Ob der Angriff der Grünen erfolgreich sein wird, hängt von den anderen Parteien ab. Die CVP-Fraktion will am morgigen Samstag über die Zusammensetzung des Bundesrats diskutieren. In der Sitzung vom Freitag sei die Bundesratswahl kein Thema gewesen, sagte Fraktionspräsident Filippo Lombardi (TI). Fraktionsmitglieder äusserten sich jedoch skeptisch zur Abwahl amtierender Bundesräte.
Die SVP teilte nach ihrer Fraktionssitzung mit, sie stelle sich hinter die heutige Konkordanz, falls sich die anderen Regierungsparteien daran hielten. Ein grüner Bundesrat komme frühestens bei den nächsten Gesamterneuerungswahlen in Frage, «sofern sich die Wählerstärke der Grünen in vier Jahren bestätigt". Der Angriff der Grünen sei auch insofern unverständlich, als dass die Bundesverfassung eine regionale Verteilung im Bundesrat verlange.
Am Vortag hatte SVP-Fraktionschef Thomas Aeschi (ZG) gesagt, er wolle seiner Fraktion beantragen, den SP-Sitz von Bundesrätin Simonetta Sommaruga anzugreifen. Rytz hatte allerdings vor den Medien erklärt, dass sie eine Wahl auf Kosten der Berner SP-Bundesrätin nicht annehmen würde.

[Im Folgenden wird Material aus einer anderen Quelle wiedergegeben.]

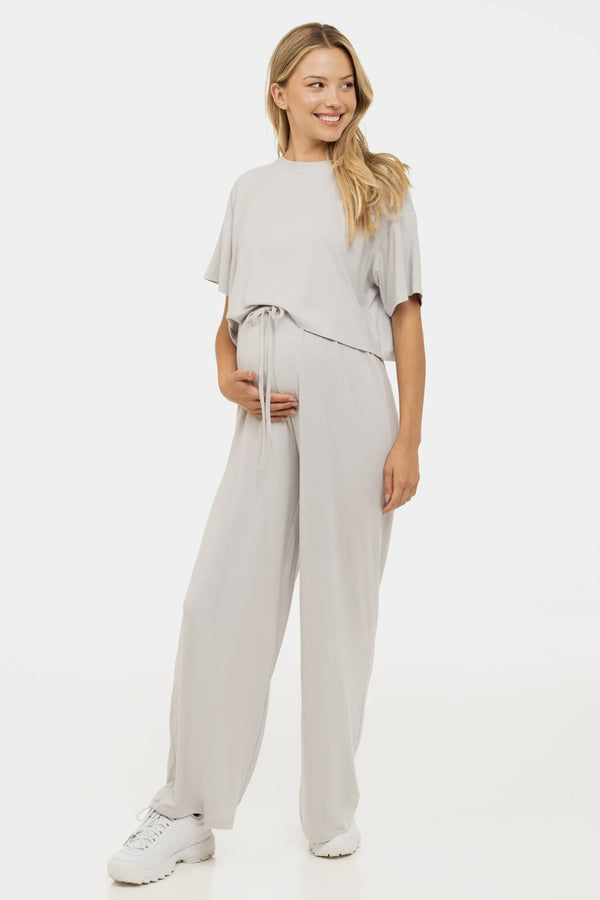 Απαλό κροπ τοπ εγκυμοσύνης από modal – ανοιχτό γκρι - - soonMAMA - Η σωστή προσθήκη στην κομψή και άνετη εγκυμοσύνη! - Παλτά για έγκυες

«Die aktuelle Situation zwingt alle Parteien dazu, nach einer stabilen Lösung zu suchen», sagte SP-Präsident Christian Levrat (FR) der Nachrichtenagentur Keystone-SDA. Es dürfe nicht sein, dass jede Partei riskiere, bei einem Bundesratsrücktritt einen Sitz zu verlieren, «sonst kann sich niemand mehr bewegen.» Derzeit liefen viele Gespräche. Levrat bekräftigte im weiteren die Aussage des Vortags: Die Kandidatur der Grünen sei eine logische Folge der Wahlen.